Thanks to all for sharing advice. The set went really well. The owner of the bar came up to me after the set to ask how i did the “cash register sounds” and mentioned the Hammond organ and Rhodes wah sounded like the album.
I settled on a table type keyboard stand with a mic attachment bar to hold the laptop platform. The advantage (as opposed to scissors stands) is that two people can quickly carry it all assembled on stage and just plug power and audio in.
On-Stage KS-7150 table style folding keyboard stand
On-Stage KSA7575+ with Gator mic quick connect
I then assembled two identical rigs that pop onto the Gator connector:
On-Stage MSA5000 laptop stand with a Gator quick connect
Behringer UMC202
D-Link powered USB Hub
Lenovo X230.
Everything is zip tied in place so nothing can come loose.

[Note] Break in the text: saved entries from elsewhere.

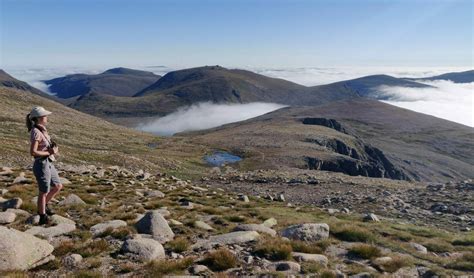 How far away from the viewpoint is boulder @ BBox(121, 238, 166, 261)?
11.8m

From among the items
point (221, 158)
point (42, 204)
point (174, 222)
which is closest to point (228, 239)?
point (174, 222)

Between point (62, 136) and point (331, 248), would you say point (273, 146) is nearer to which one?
point (62, 136)

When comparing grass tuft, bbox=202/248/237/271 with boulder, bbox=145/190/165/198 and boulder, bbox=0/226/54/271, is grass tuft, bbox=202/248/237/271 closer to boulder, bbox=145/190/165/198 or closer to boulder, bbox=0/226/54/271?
boulder, bbox=0/226/54/271

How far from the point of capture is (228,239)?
45.0ft

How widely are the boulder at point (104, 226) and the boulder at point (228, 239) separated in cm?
317

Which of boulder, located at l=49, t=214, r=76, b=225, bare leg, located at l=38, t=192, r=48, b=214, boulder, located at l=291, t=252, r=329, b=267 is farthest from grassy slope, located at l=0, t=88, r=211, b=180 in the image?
boulder, located at l=291, t=252, r=329, b=267

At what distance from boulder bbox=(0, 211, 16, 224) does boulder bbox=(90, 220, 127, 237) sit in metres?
2.78

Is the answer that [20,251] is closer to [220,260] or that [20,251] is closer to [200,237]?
[220,260]

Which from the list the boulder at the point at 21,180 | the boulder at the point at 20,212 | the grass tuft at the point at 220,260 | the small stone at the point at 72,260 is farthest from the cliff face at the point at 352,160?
the small stone at the point at 72,260

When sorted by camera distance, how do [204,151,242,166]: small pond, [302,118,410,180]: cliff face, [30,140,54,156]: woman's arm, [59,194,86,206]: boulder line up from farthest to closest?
[302,118,410,180]: cliff face → [204,151,242,166]: small pond → [59,194,86,206]: boulder → [30,140,54,156]: woman's arm

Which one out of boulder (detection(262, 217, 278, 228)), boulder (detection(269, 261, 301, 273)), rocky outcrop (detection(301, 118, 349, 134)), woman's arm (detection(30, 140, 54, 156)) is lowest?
rocky outcrop (detection(301, 118, 349, 134))

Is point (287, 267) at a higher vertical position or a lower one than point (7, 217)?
lower

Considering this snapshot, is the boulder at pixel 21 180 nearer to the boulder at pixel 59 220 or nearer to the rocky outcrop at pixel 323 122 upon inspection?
the boulder at pixel 59 220

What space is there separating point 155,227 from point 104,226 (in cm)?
197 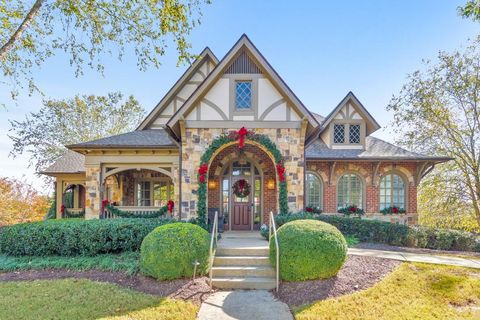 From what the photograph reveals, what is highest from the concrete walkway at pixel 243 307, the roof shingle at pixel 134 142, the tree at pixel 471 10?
the tree at pixel 471 10

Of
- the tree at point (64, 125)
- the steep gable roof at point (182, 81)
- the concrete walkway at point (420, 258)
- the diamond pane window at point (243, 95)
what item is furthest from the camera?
the tree at point (64, 125)

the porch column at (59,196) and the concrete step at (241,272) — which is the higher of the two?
the porch column at (59,196)

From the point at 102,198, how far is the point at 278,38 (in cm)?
994

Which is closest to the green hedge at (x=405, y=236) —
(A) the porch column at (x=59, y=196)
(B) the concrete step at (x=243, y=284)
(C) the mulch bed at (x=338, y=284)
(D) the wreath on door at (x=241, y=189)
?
(D) the wreath on door at (x=241, y=189)

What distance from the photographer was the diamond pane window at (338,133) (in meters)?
13.8

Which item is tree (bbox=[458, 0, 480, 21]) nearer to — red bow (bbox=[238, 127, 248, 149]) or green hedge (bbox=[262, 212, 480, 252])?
red bow (bbox=[238, 127, 248, 149])

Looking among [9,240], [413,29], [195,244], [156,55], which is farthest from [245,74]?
[9,240]

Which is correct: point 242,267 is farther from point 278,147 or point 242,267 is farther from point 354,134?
point 354,134

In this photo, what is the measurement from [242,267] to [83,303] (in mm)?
3311

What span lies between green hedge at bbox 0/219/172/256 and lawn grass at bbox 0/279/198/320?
1627mm

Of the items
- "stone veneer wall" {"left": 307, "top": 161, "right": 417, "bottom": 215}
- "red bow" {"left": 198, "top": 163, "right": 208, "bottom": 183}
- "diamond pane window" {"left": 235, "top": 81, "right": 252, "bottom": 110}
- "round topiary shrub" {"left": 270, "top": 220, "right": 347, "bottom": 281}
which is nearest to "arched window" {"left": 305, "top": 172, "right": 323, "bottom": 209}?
"stone veneer wall" {"left": 307, "top": 161, "right": 417, "bottom": 215}

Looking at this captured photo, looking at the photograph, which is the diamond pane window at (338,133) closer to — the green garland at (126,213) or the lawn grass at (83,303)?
the green garland at (126,213)

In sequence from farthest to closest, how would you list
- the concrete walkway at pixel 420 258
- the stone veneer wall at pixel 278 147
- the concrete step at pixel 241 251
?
the stone veneer wall at pixel 278 147 → the concrete step at pixel 241 251 → the concrete walkway at pixel 420 258

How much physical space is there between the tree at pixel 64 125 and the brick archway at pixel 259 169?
18706 mm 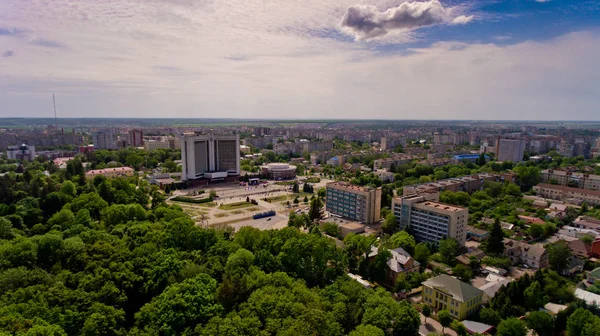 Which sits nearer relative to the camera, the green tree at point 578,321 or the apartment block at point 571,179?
the green tree at point 578,321

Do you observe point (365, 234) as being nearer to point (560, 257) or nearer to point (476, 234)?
point (476, 234)

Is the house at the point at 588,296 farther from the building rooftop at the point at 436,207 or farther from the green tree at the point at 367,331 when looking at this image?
the green tree at the point at 367,331

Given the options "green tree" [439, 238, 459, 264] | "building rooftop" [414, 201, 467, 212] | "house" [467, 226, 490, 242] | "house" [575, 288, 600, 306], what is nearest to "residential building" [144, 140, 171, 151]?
"building rooftop" [414, 201, 467, 212]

I can swap out to the backup in less than a minute.
During testing one laptops applied Windows 10 updates on restart I set it to only do that between 4-7am. You can’t trust those settings. From now on I will be perform multiple restarts before I head out to the venue.

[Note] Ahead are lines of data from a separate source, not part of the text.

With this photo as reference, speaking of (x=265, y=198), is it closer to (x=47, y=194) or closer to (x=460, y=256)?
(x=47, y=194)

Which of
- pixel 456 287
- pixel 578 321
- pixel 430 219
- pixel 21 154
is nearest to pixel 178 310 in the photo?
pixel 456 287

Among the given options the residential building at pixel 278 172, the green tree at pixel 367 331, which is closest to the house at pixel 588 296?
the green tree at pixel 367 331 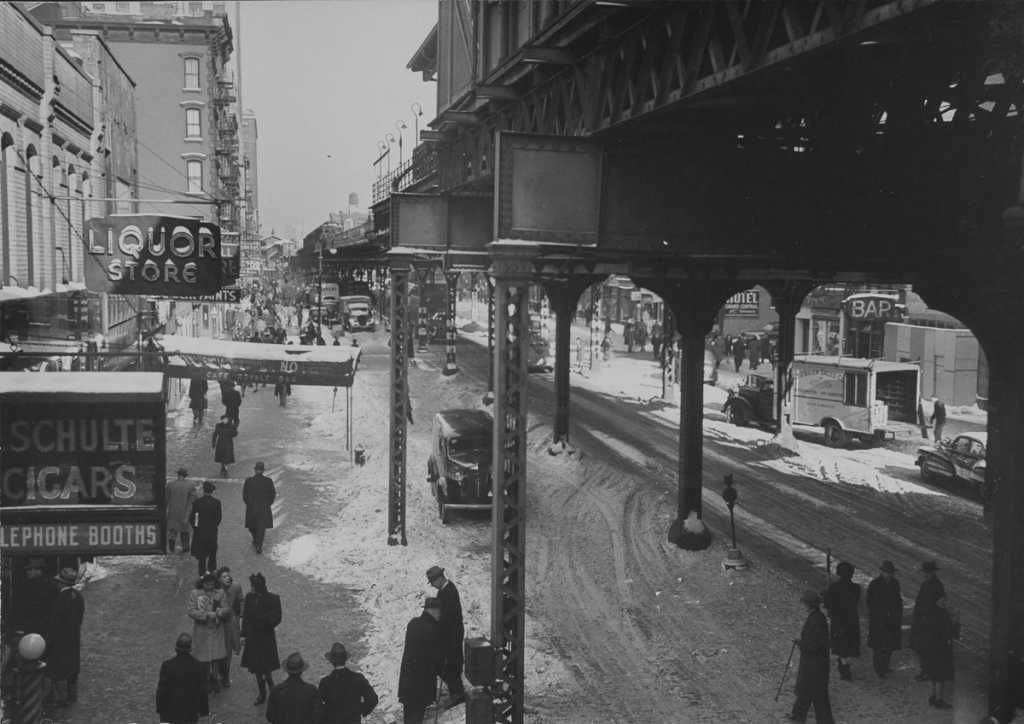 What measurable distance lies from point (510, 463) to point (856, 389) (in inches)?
816

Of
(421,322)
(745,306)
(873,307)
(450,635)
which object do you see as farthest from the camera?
(421,322)

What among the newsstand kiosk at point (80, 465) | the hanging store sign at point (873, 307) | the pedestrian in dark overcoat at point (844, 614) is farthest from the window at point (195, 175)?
the newsstand kiosk at point (80, 465)

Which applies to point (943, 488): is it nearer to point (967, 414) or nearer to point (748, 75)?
point (967, 414)

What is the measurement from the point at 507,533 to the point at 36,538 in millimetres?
5464

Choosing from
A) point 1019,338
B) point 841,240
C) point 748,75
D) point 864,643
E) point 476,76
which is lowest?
point 864,643

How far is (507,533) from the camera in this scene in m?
11.8

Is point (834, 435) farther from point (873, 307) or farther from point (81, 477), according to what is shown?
point (81, 477)

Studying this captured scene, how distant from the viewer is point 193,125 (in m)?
53.2

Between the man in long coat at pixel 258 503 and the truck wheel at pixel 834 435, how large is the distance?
63.2 feet

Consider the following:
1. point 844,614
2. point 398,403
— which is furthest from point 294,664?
point 398,403

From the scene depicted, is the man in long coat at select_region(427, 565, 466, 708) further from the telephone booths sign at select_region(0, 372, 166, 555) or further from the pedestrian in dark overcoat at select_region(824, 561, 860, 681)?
the pedestrian in dark overcoat at select_region(824, 561, 860, 681)

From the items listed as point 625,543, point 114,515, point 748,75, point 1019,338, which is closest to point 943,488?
point 625,543

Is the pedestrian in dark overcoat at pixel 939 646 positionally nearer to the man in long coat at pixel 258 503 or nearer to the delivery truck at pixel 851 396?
the man in long coat at pixel 258 503

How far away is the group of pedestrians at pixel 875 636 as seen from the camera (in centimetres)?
1109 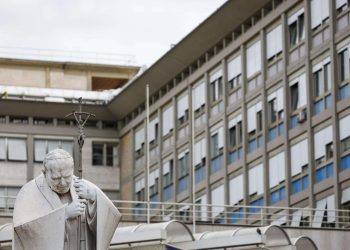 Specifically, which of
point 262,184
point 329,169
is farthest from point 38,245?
point 262,184

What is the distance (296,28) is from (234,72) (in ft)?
23.5

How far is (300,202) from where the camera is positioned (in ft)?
213

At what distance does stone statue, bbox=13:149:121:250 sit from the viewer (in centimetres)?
1783

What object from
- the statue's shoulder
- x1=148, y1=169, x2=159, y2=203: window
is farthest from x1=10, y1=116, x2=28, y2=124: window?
the statue's shoulder

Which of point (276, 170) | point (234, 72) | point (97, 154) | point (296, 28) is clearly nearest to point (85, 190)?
point (296, 28)

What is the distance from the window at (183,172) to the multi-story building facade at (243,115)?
0.07 meters

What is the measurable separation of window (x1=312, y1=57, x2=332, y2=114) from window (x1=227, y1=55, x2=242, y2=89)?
8.26 metres

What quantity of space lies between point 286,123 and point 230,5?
25.3ft

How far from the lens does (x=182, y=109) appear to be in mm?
80375

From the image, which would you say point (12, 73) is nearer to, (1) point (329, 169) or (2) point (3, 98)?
(2) point (3, 98)

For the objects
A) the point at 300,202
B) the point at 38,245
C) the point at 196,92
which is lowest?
the point at 38,245

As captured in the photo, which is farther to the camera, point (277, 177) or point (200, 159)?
point (200, 159)

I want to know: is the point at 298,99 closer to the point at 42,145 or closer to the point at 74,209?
the point at 42,145

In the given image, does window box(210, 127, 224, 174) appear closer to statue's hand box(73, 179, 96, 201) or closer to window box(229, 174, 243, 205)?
window box(229, 174, 243, 205) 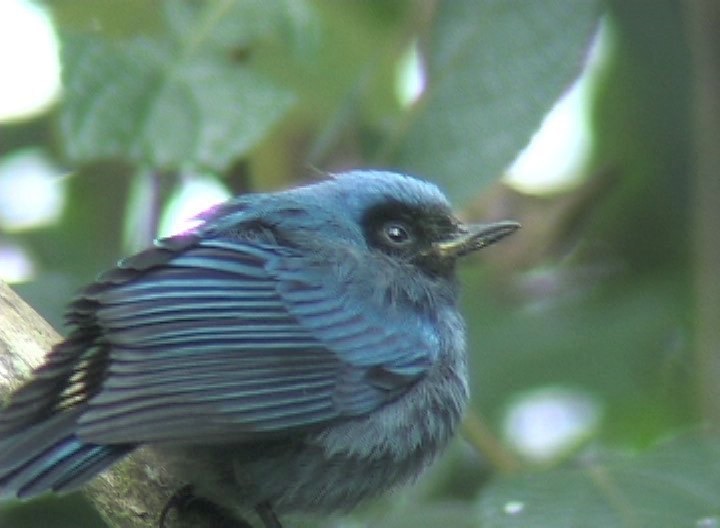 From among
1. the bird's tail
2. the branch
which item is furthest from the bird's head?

I’ve decided to simply build out the MSA5000 laptop stand into a 1U enclosure under it with an interconnected back panel so the cables aren’t exposed and the inputs are all in the back.

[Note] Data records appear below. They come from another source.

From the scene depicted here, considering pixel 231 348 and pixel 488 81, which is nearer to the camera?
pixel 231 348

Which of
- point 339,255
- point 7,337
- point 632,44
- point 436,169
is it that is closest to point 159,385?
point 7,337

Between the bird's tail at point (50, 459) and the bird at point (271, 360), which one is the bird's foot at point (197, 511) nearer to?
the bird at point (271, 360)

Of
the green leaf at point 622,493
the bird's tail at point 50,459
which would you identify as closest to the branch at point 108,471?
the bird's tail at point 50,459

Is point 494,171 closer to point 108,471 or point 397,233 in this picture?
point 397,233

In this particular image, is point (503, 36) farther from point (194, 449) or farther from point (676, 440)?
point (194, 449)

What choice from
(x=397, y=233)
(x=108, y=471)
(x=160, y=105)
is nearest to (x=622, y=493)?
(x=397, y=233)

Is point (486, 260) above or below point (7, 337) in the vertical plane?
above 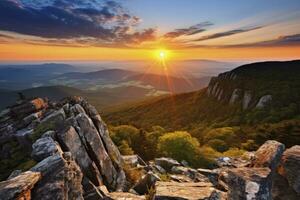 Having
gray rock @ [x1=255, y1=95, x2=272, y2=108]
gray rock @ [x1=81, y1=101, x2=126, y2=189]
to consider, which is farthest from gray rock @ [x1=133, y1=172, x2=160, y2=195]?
gray rock @ [x1=255, y1=95, x2=272, y2=108]

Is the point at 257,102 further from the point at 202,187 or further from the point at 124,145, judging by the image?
the point at 202,187

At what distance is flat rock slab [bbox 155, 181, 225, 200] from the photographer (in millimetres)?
14755

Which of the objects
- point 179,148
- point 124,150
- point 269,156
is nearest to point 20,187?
point 269,156

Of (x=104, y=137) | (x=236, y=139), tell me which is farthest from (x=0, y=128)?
(x=236, y=139)

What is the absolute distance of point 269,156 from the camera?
14656mm

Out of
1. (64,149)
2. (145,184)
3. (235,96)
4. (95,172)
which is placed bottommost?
(235,96)

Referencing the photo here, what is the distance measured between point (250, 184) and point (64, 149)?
15836 millimetres

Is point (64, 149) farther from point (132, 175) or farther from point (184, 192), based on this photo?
point (184, 192)

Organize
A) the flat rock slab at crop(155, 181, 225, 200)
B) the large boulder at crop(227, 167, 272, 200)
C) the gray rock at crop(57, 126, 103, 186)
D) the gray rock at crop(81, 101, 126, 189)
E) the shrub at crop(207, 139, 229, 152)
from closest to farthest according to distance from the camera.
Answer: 1. the large boulder at crop(227, 167, 272, 200)
2. the flat rock slab at crop(155, 181, 225, 200)
3. the gray rock at crop(57, 126, 103, 186)
4. the gray rock at crop(81, 101, 126, 189)
5. the shrub at crop(207, 139, 229, 152)

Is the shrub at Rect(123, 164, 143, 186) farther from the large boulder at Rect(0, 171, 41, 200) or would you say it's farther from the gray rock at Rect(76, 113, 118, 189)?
the large boulder at Rect(0, 171, 41, 200)

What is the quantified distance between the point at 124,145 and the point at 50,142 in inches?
937

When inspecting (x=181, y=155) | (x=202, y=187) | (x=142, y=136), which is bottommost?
(x=181, y=155)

Hi, I have been loyally screwed by Windoze updares having a mind of its own during sound check. In the end I purchase some Win 10 pro OEM licenses from Software Geeks (quite cheap) and got control of my update schedule back.
Glad it went well, it is atisfying when people come up to you wanted to know where your Hammond and Moog sounds are coming from (for me a combination of Kronos and Cantabile right now (mostly Kronos, but as we start doing more new songs I am looking at moving more into VSTs on Cantabile
Hi Derek - one of my biggest fears is the damn windoze updare screwing things up for me. Can you elaborate on what you did to regain control of the schedule?? Cheers!
Hi - I’m using a simple sample player called Grace. It’s free, and REALLY simple to drop samples in, assign to keys… plus it has the other features such as LFO, Modulation etc… worth a look
If you don’t want to upgrade to pro, the same article shows you how to disable the Windows update service, which will work on the Home edition. I went the pro route as the the control is then more WIN7/XP like when I had those set not to do automatic updates, but I could check when going to Windows Update in the control panel without faffing about with manually starting disabled services.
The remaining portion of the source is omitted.